Another amendment to the Insurance Act is the requirement that an insurance company notify APRA of any breach of prudential standards. That brings it into line with the requirements under the Banking Act. Again, it would seem to me that APRA now have the powers to go and have a look if the requirements are not complied with or if the prudential standards are not complied with. If APRA think they may not have been complied with, they can take action. The Superannuation Insurance Commission had many of these powers to go and have a look, and they did not hesitate to do so. I think it was Chris Hurford, when he was Assistant Treasurer, who strengthened the powers, following the collapse of an insurance company, to allow the commission to do that. Again, it is strange that we are having this legislative change that should have originally been within the scope and ambit of APRA.
Another amendment within this bill is to the Insurance Act, and it deals with the incorrect specification of penalties. The penalty provisions need to be increased so that the penalty units applied to a body corporate are appropriate and consistent with the Crimes Act. The final changes are to the Superannuation (Resolution of Complaints) Act and introduce flexibility in the time limits relating to complaints about disability benefits. This also follows the problems that we have had in the insurance industry, allowing a collapsing of the time and acknowledging the difficulty in assessing medical conditions over a time. It gives the Superannuation Complaints Tribunal discretion in dealing with time limits. I think we all know some of the problems with extraordinary lengths of time being available to complainants for payouts under the superannuation act or under other insurance provisions.

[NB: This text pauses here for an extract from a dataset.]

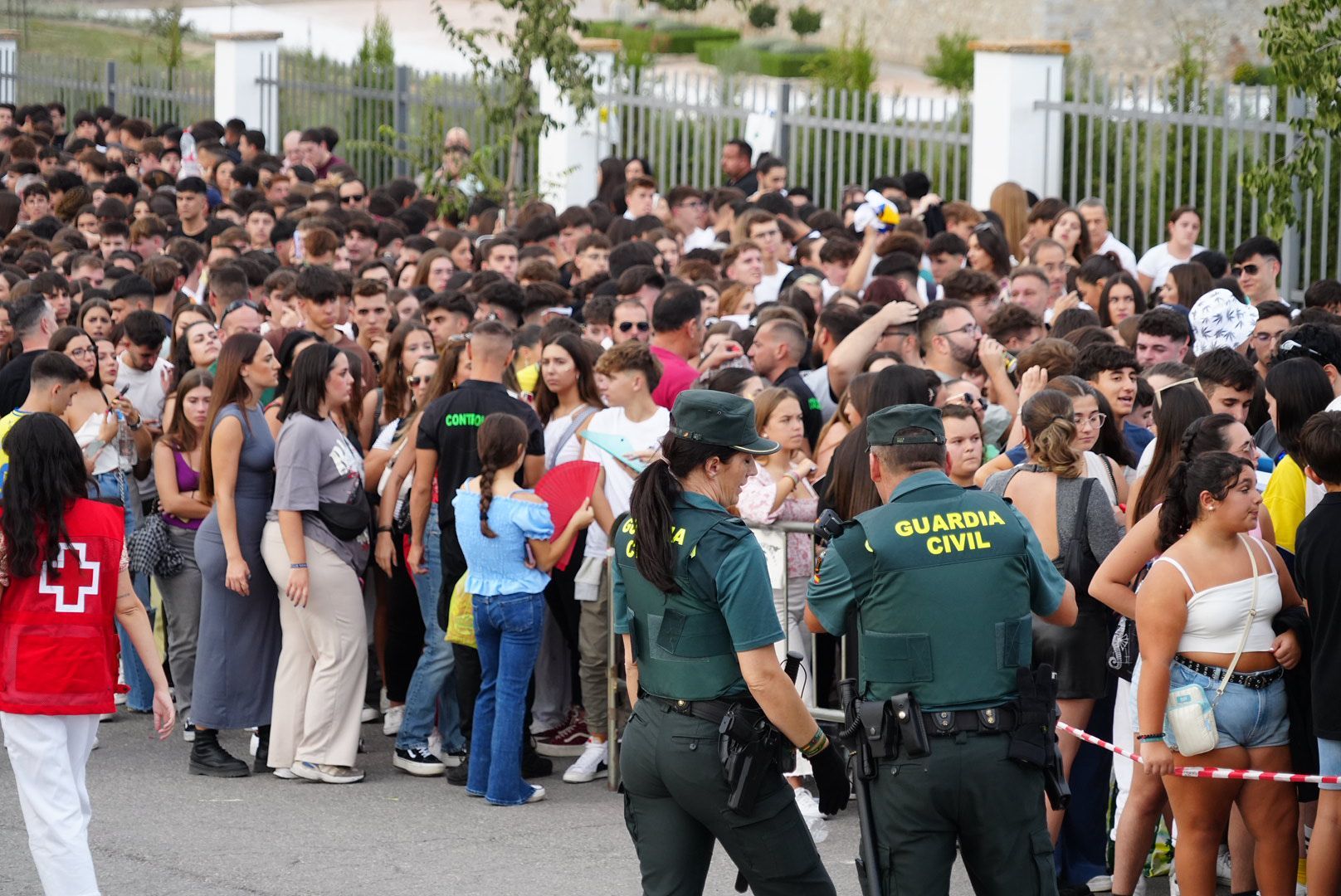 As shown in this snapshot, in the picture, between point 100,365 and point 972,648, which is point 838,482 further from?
point 100,365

Finally, the changes to the Superannuation (Resolution of Complaints) Act will strengthen, modernise and improve the conciliation powers of the Superannuation Complaints Tribunal and will enable it to require attendance at conciliation instead of the current voluntary system. I think these are all good provisions, and we need to get them implemented. They are not minor. Taken collectively, they are substantial and will build, I hope, a new culture within modern governance in Australia. I am pleased that the opposition supports these provisions, and I think that we do have the chance now to build something that is more reliable and trustworthy.